While other forecasters are abandoning their calls for the Reserve Bank of Australia (RBA) to lift interest rates this year, the National Australia Bank (NAB) isn’t willing to go down that path yet, retaining the view that the first of two 25 basis point increases will arrive in August.
“The RBA has indicated that it is in no rush to raise rates in lock-step with global central bank counterparts. However, lower unemployment, and evidence of wages growth moving upwards — even gradually — should be enough to give the RBA confidence that inflation will eventually lift above the bottom of the band,” sais Alan Oster, NAB Chief Economist, in a note released today.

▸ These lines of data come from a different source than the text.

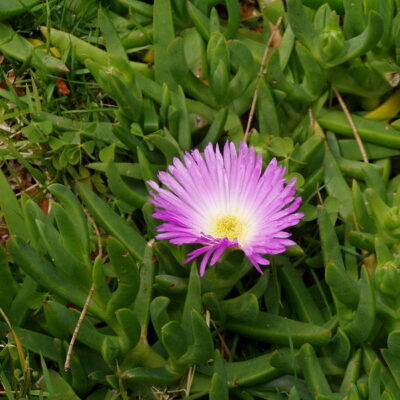 CARPOBROTUS 1LT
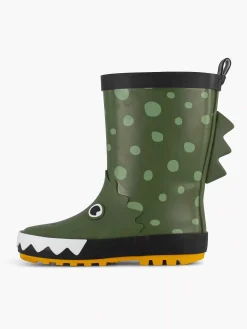 Groene Regenlaars Krokodil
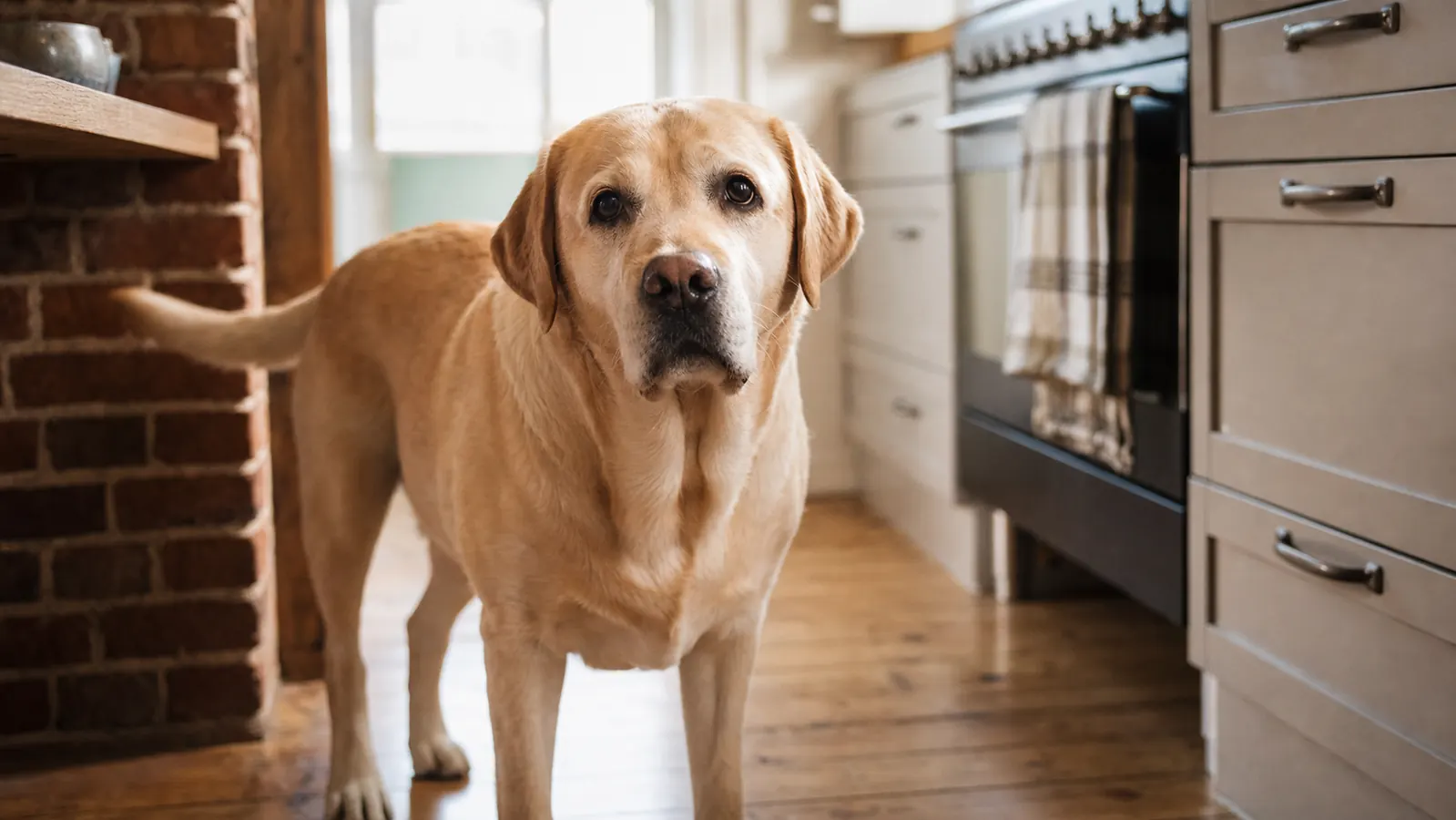 My Dog Kept Bloating After Every Meal. A $10 Bowl Fixed It.
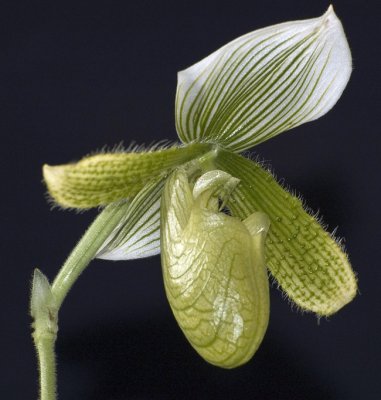 Orchid - Paphiopedilum Hybrid - Side View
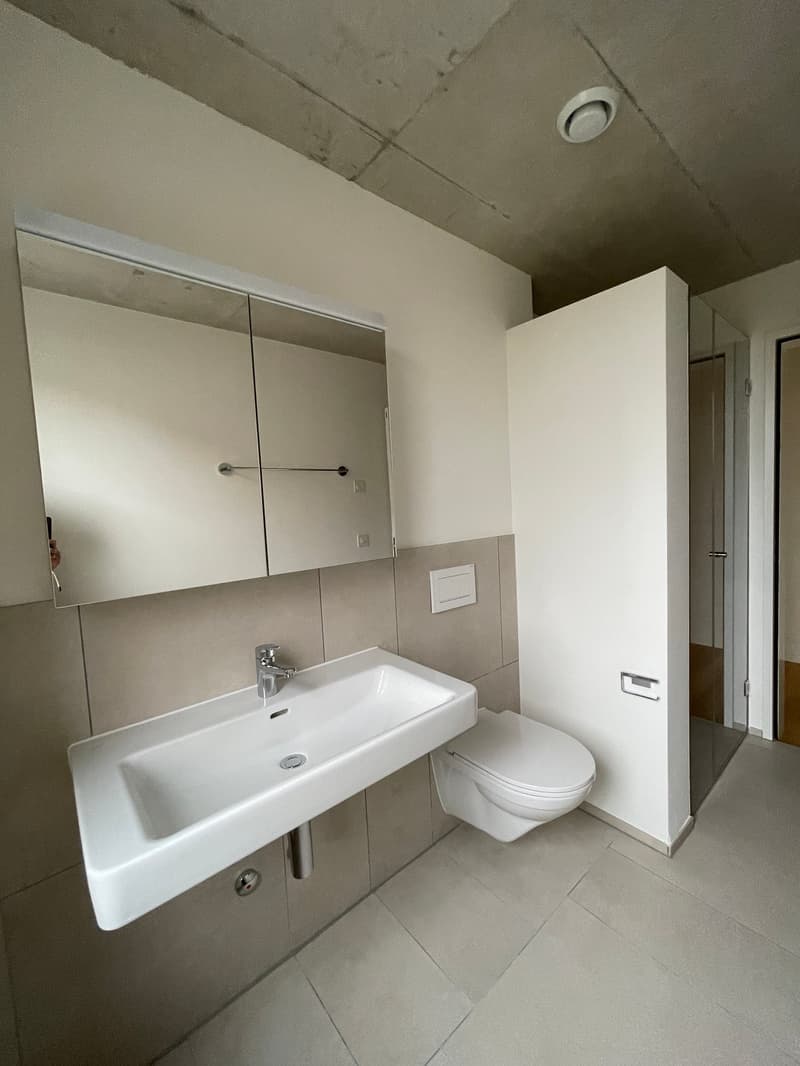 Grosszügige, moderne 3.5-Zimmerwohnung in Höri zu vermieten! (3)
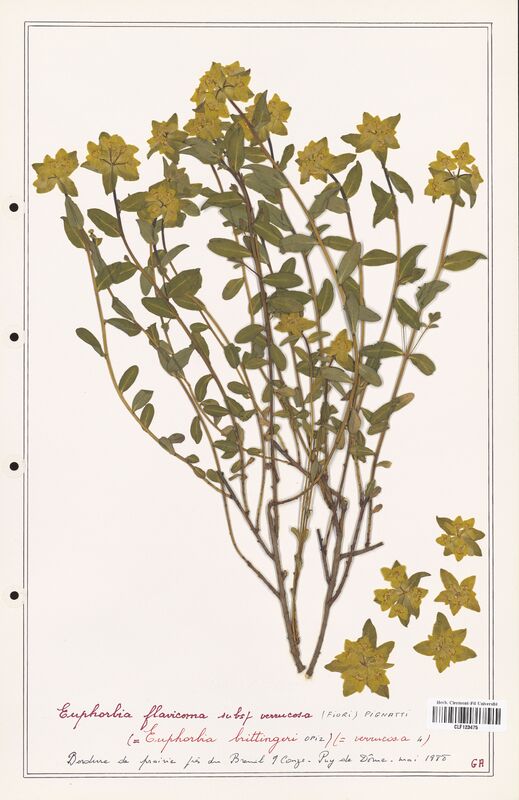 Euphorbia flavicoma  (Euphorbiaceae)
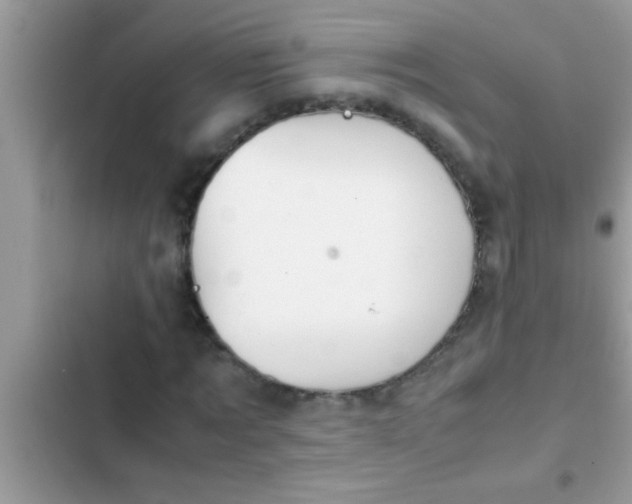 X0000102390869200808151918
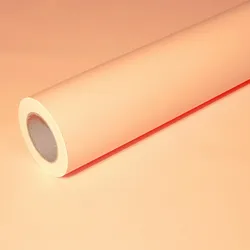 JUNOPAX Geschenkpapier apricot 50m x 0,75m, nassfest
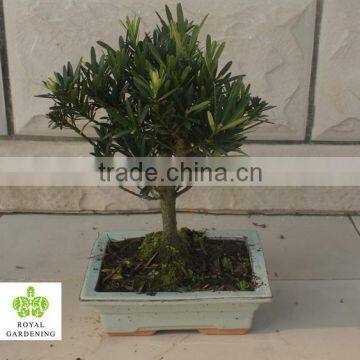 Podocarpus macrophyllus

“We continue to forecast two 25 basis point rate hikes in August and November, although acknowledge the risks are that these hikes could be delayed.”
Oster attached a couple of caveats to the call, among the most aggressive of all forecasters tracked, noting that a slowing in household credit and house prices due to macro-prudential measures implemented by APRA “may help alleviate some concerns about household debt”.
He added that a “higher AUD may also threaten this outlook although our revised forecasts are for the currency to be 75 US cents by year end”.
In a speech last week, RBA Governor Philip Lowe said the bank sees “further progress in reducing unemployment and having inflation return to the midpoint of the target range”, adding that it was “likely that the next move in interest rates in Australia will be up, not down”.
Crucially, he admitted that “while we do expect steady progress, that progress is likely to be only gradual.
Financial markets don’t expect the RBA to begin lifting interest rates until early 2019.